めちゃくちゃ好きなテレビ番組があれば,その番組が始まる前に仕事は終わらせようとか,家事は終わらせよう,とか,行動の指針になる.
なーんも,好きなこと,目的,大きくは夢がない人は,人生をドライブする力がない.
そういう映画やったかな.
あと,,サルトルの実存主義の流れとか,いくつか,,わからないところがある.
==== ネタバレしてるョ (間違ってるかもだけど 笑
・Harris夫人
1944年から戦争に行った夫の行方がわからず,,13年.通いの家政婦をして暮らしてきた.
夫の戦死の確認がとれたとき,,顧客のタンスの中にディオールのドレスを見つけ,虜になる.
1着500ポンド.年収に近いお金,でもほしい.買う!
偶然,友人Archieの助け,いろいろ重なり,お金が貯まる.いざパリへ.
・パリ ディオール
夜にパリに着いたHarrisは,待合室で夜を明かし,ディオールへ.
10周年の記念コレクションが発表されようとしていて紳士淑女が並んでいる.偶然が重なり,中に入ってしまうHarris.
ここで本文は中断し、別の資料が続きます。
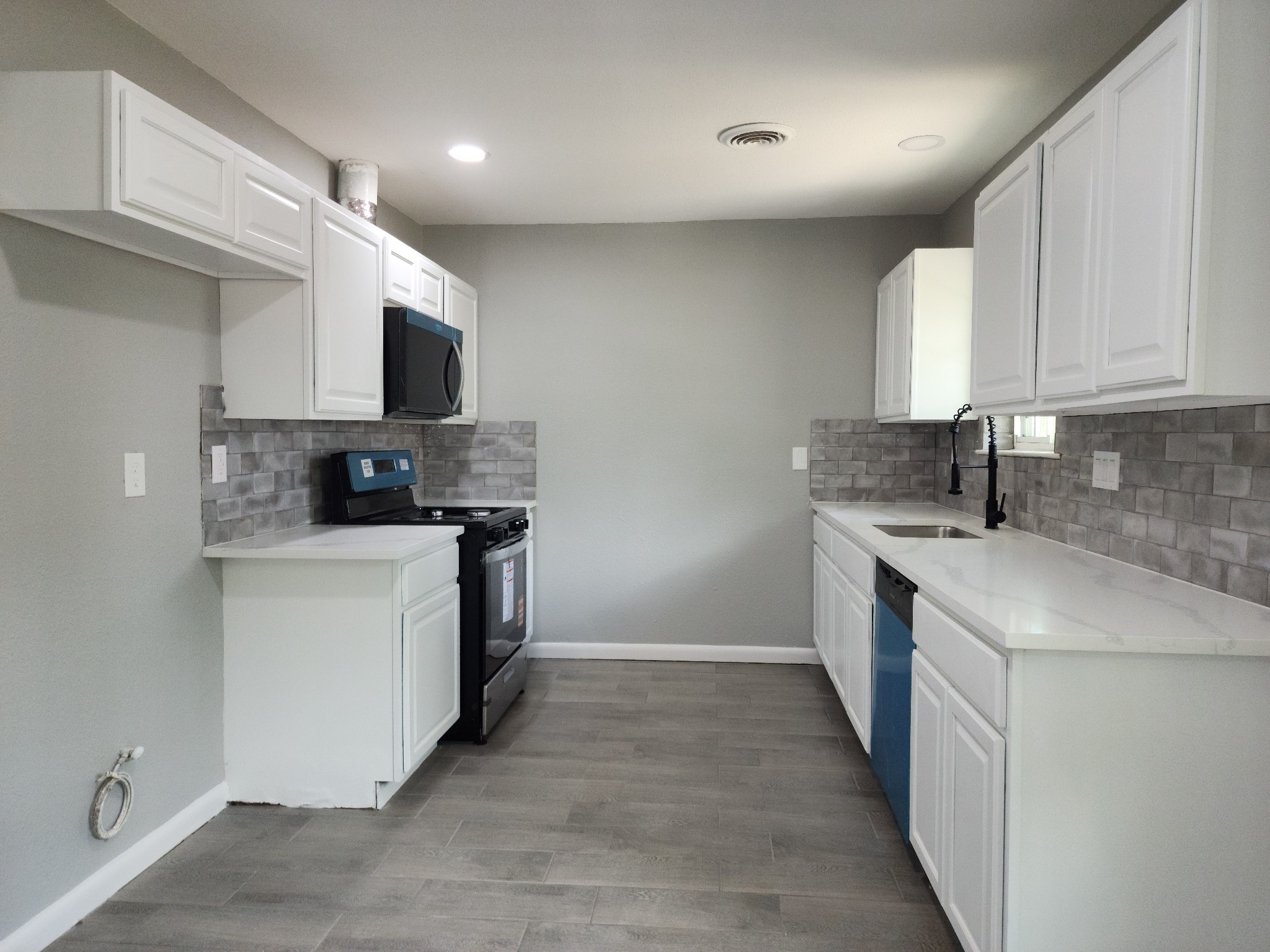 5914 Newquay Street Houston, TX 77085 - Photo 20 of 43 a kitchen with stainless steel appliances a sink a stove top oven a refrigerator and white cabinets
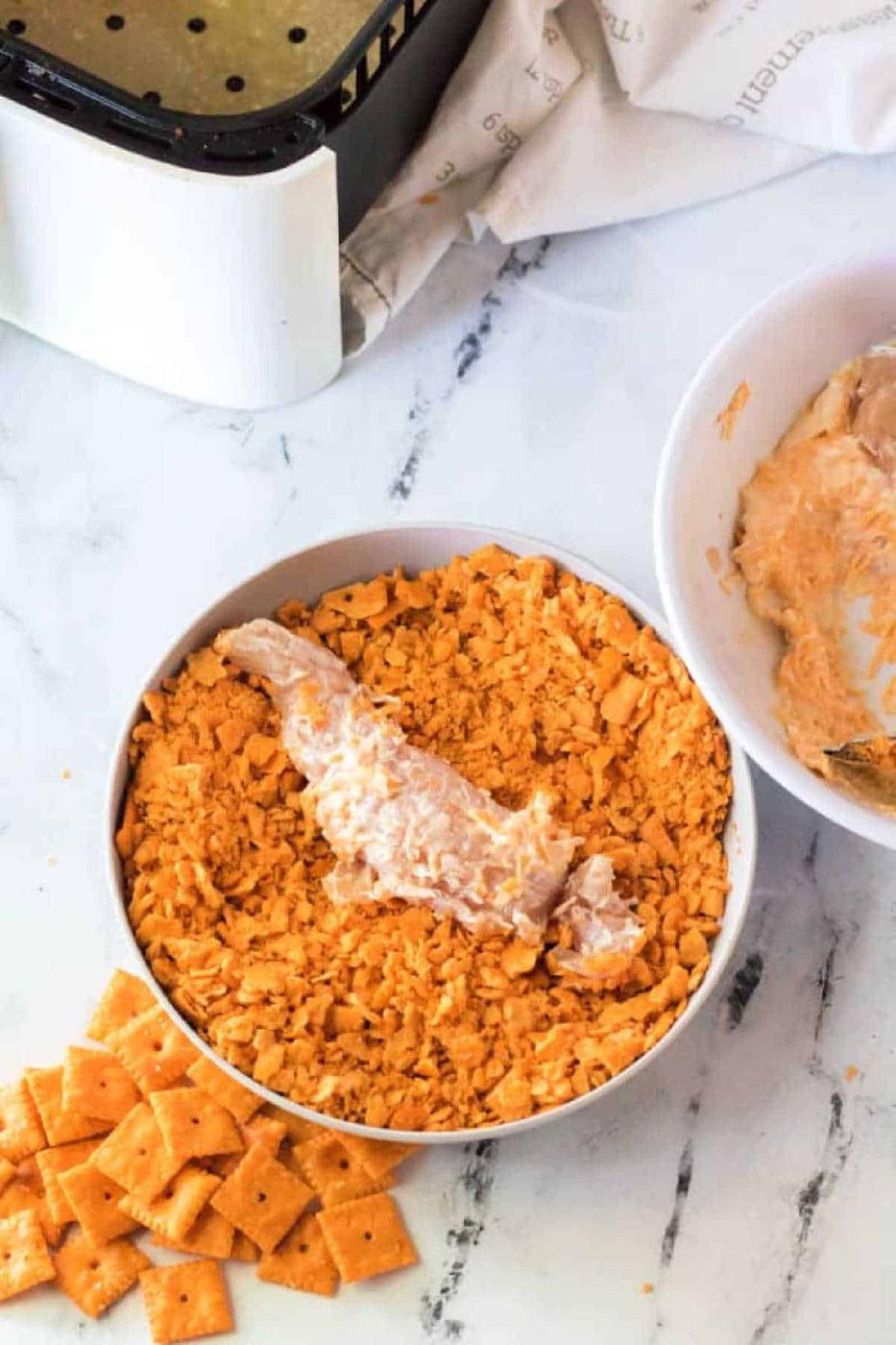 Air Fryer Cheese It Chicken Tenders: Uncooked chicken tender coated in crushed cheese crackers, set beside an air fryer and scattered crackers.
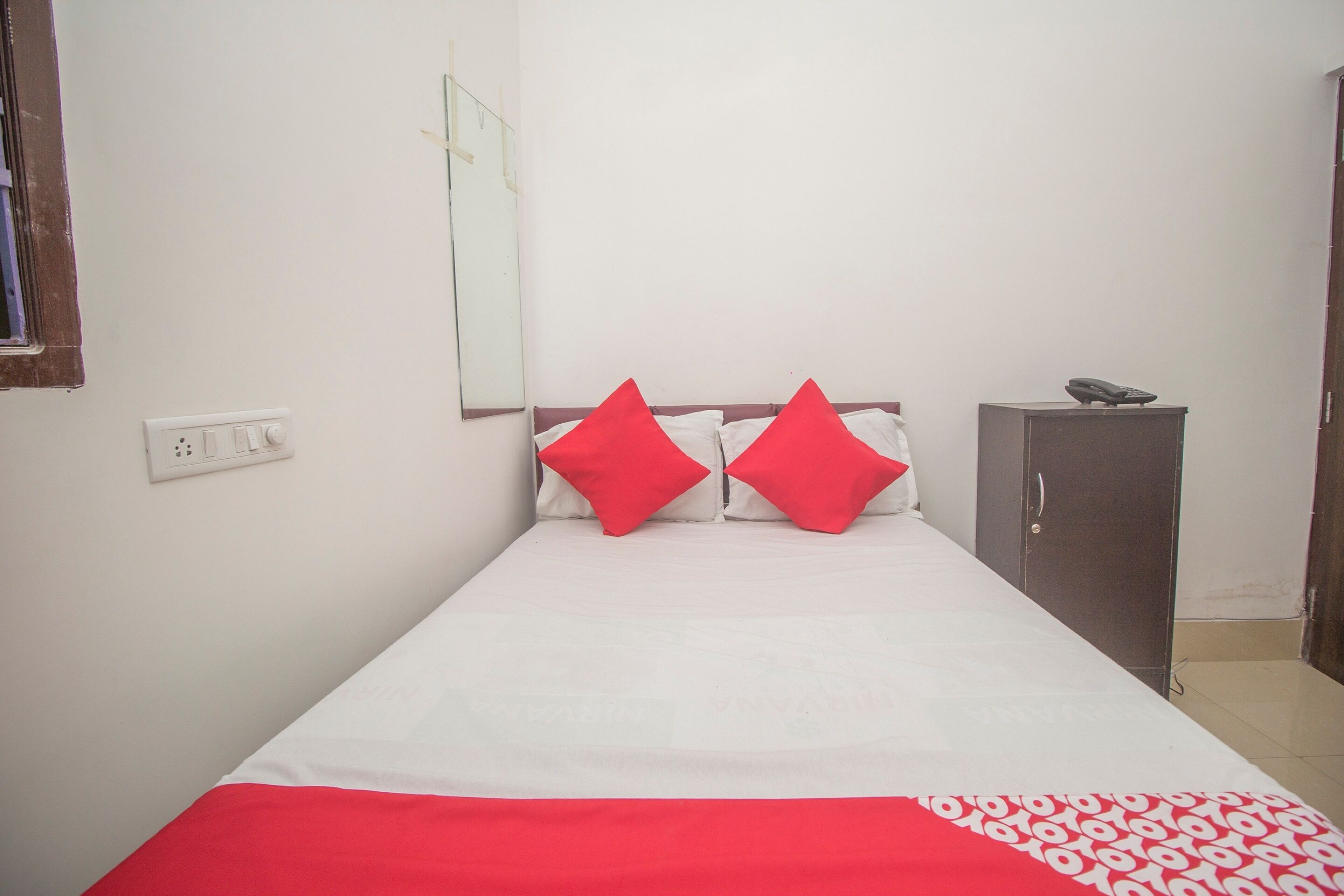 A single bed with a white mattress and red pillows, a small bedside table with a phone, and a cabinet against the wall.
が,マネージャのColbertに見つかり,追い出されかける.
しかし,現金で買う意思を見せたので,資金繰りに苦しむ会計のAndreはなんとかHarrisを助けようとする.その場に居合わせたおとこやもめのChassagne侯爵がエスコートまでしてくれる.
・ヴィーナス,テンプテーション
コレクションのうち「ヴィーナス」に目を奪われるが,その後の「誘惑」に魅了され,即決.しかし,上客のAvalon夫人がその誘惑を注文してしまう.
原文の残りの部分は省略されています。